解けるまで保留
9
シンデレラは12時の鐘が鳴ると、魔法が解けた。眠れる森の美女は王子様のキスで魔法が解けた。魔法を解くには、何が必要なんだろう?
奇跡?ロマンス?それとも愛?
解けない魔法が解けた時、きっといい事ばかりじゃない。
「離婚?」
「そうなんですよ。熟年離婚ってやつで……。」
雑然と声の飛び交う居酒屋で、日野君は少し大きな声で言った。それから、私の隣に移動してきて話始めた。
「え……なんて言っていいかわからないけど…………元気出してね。」
日野君は私の顔を見ると、少し笑った。
「いや、この年じゃショック~とかないですよ。俺の就職が決まったら離婚するって母親が何度も言ってたし。」
「でも、内定決まったからって……これ、お祝いしていいの?」
日野君はサークルの後輩で、最後に日野君がやっと内定が決まって、全員無事内定決定した事をお祝いしようと、久しぶり集まった。

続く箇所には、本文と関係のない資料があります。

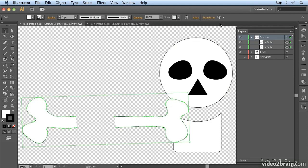So if you want to follow along you can open up joinpathsskullstart.ai and I'm in the process of creating this skull and crossbones.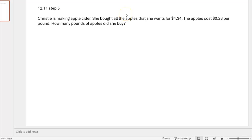All right, so now we are looking at dividing a decimal to the hundredths place by a decimal to the hundredths place using area models. Let's look at this problem.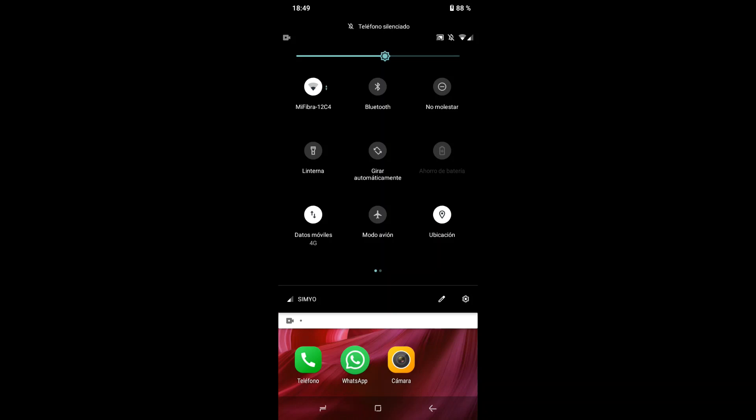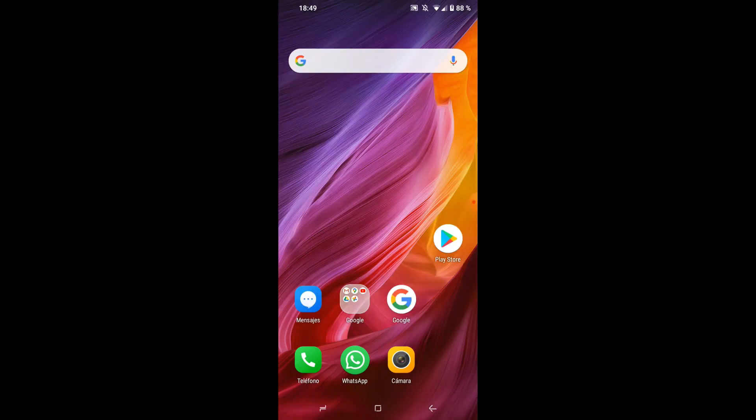Para volver a la pantalla inicial, presionamos abajo en el botón que tiene forma de cuadrado y de esa manera accedemos a ella. Espero que esta segunda parte les haya gustado y les haya sido de utilidad.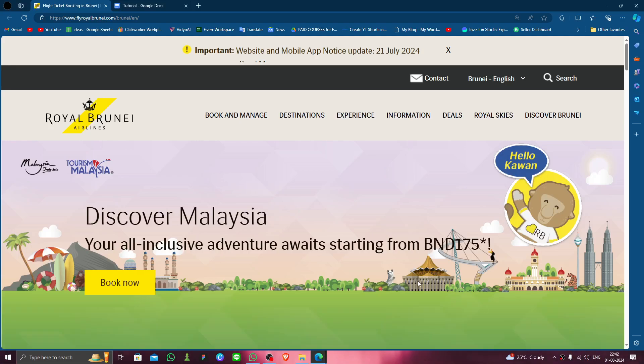Hello and welcome back to my channel. In today's video I will show you how to delete, remove, or uninstall the Royal Burnay Airlines account. So let's get started — to do that you have to follow these easy steps.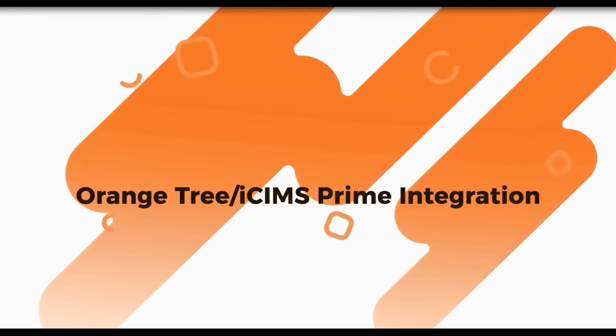Hello, my name is Monica and I will be sharing the fast and easy iSIMS Prime and Orange Tree Background Screening integration.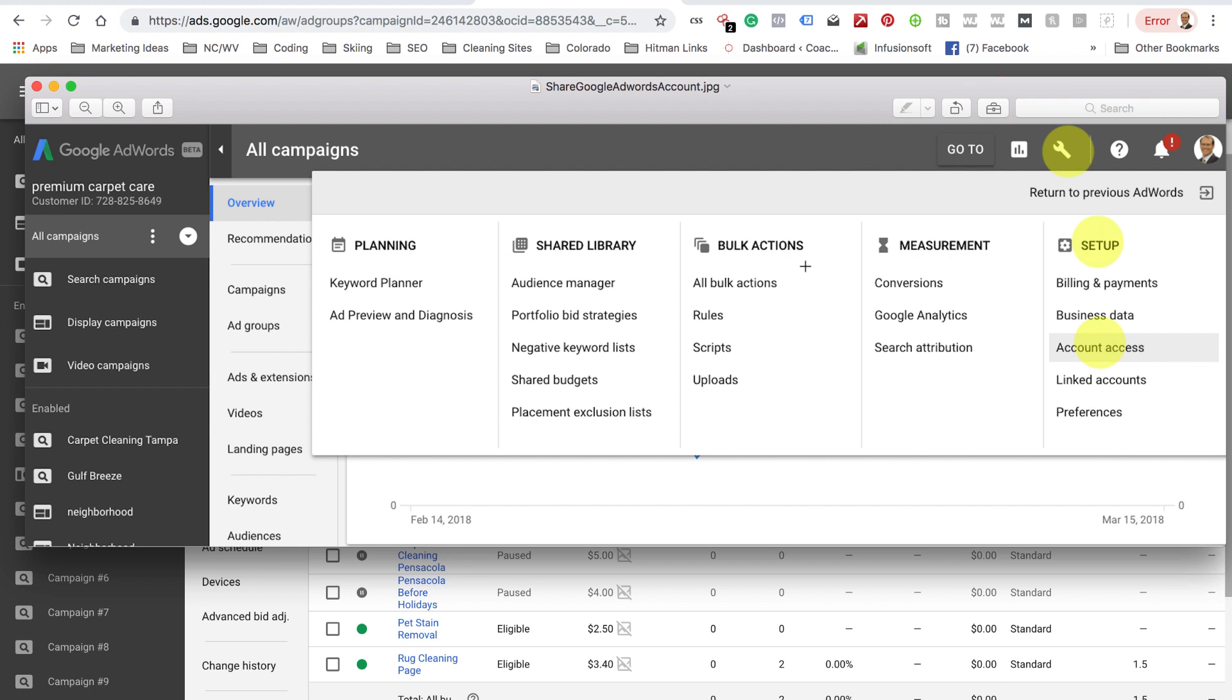But also, it sometimes requires a verification code to be sent back, which makes for a long delay of me ever being able to log into your AdWords account. So this is so much easier for both of us.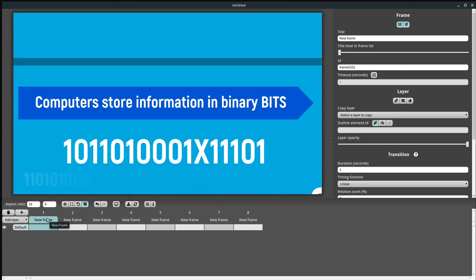Now to change things up a bit — on 'New Frame 1' we'll keep everything the same, but notice this button here that says 'Show in frame list.' If it's unchecked, then when we open this in the web browser it's not going to let us choose this frame from the list. Also, 'Show the frame number' — it'll say the number in the top left corner when presenting if this is selected; if not, it just won't show the frame number.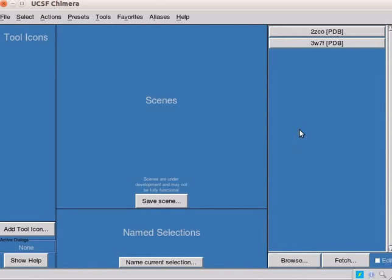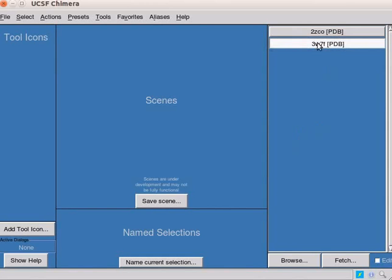Here, I have opened a Chimera window. From the graphic access interface, click on the file 3w7f.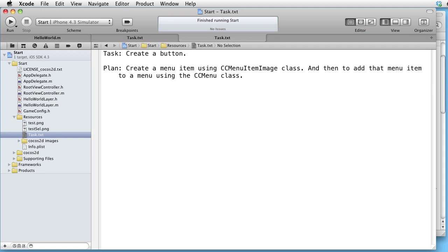You might think that it is strange that in order to create a button we are using menu items and menus, but that is how it is done in COCO's 2D.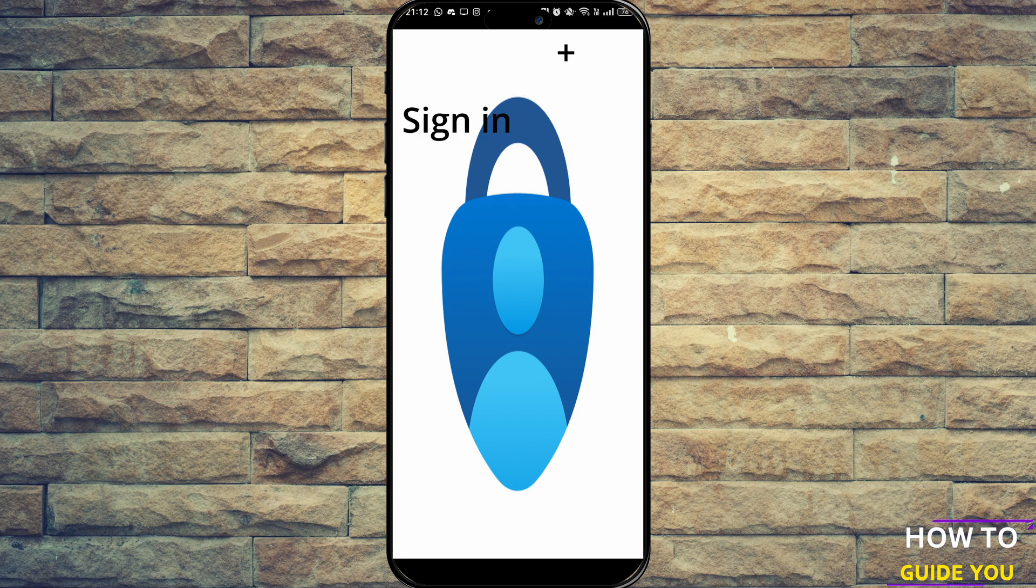So on the home screen there will be a sign in option or a plus icon on the top right hand side of the screen. Click in that and you should be prompted to sign in.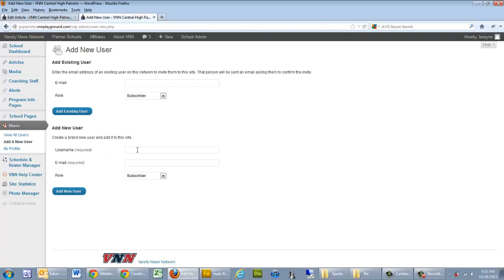From there we have three fields: Username, Email, and Role. If a username is not available when you click on Add New User, the system will tell you, and you'll have to pick another one. Email is very important. That's where the email is sent to activate this account.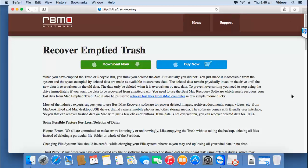Hey there! Welcome to this tutorial on how you can recover files emptied from the trash bin. The only way to recover files emptied from the trash bin is by making use of recovery software on your macOS. You can visit this site and hit the download now button if you are looking to recover files emptied from the trash can on your macOS.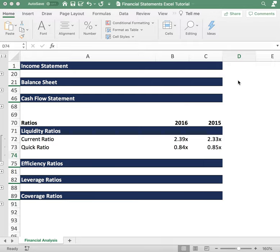In this video we're going to go over the liquidity ratios and discuss why it's important when evaluating stocks. Liquidity ratios are metrics that allow you to figure out how much liquidity a company has and whether it has adequate liquidity to satisfy short-term debt obligations.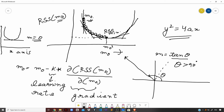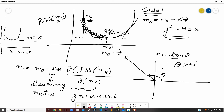In Case 1, before reaching the optimal point, the slope is negative, so the gradient is negative, and the new value of m0 will be greater — m0 will move to the right toward the optimal point. In Case 2, once past the optimal point, the slope is positive, so the gradient is positive, and m0 minus k times a positive value becomes m0 minus something positive — meaning m0 will move to the left back toward the optimal point. This is how the gradient determines which direction m0 should move.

「お祝いしてくださいよ~!俺は離婚だからって悪い事だとは思いませんよ。人生はいつだって再スタートする権利があるでしょ。両親の新しい門出に乾杯~!」
日野君は持っていたグラスを、私のグラスに打ち付けた。
「何、両親の離婚お祝いしてんの?祝われてるのは日野君の方でしょ?はい、乾杯~!」
今度は二人で乾杯した。
「あの…………菜都実先輩、それで、ここからが本題なんですけど、実家が無くなるので……一緒に住みませんか?」
「はぁ?」
「ルームシェアです。あ、別に俺は同棲でもいいです。」
それ言い方変えただけ。
「菜都実先輩、前から1人暮らししたいって言ってたから……」
「ちょっと待って?2人で住んだら1人暮らしじゃないんですけど?」
「2人も1人も同じようなもんじゃないですか~!」
違うよね?全然違うよね?
「じゃあ…………魔法が解けたら。」
「は?魔法?」
「催眠術がね、解けなくて困ってる人がいるの。でも、実際はかかって無くて、かけた本人に魔法がかかっちゃったの。その人の魔法が解けるまでは、その話は保留という事で。」
少し考えて日野君は言った。
「そうか!催眠術!その手があったか!」
「だからちょっと待って?催眠術で同棲しようとしてる?そもそも、そんなのかかるわけないじゃん!」
それから日野君はあれやこれやと眠らせる方法を考えて、結局酒を飲ませるという所に落ち着いた。
飲んでも飲まれるものか。ばかめ。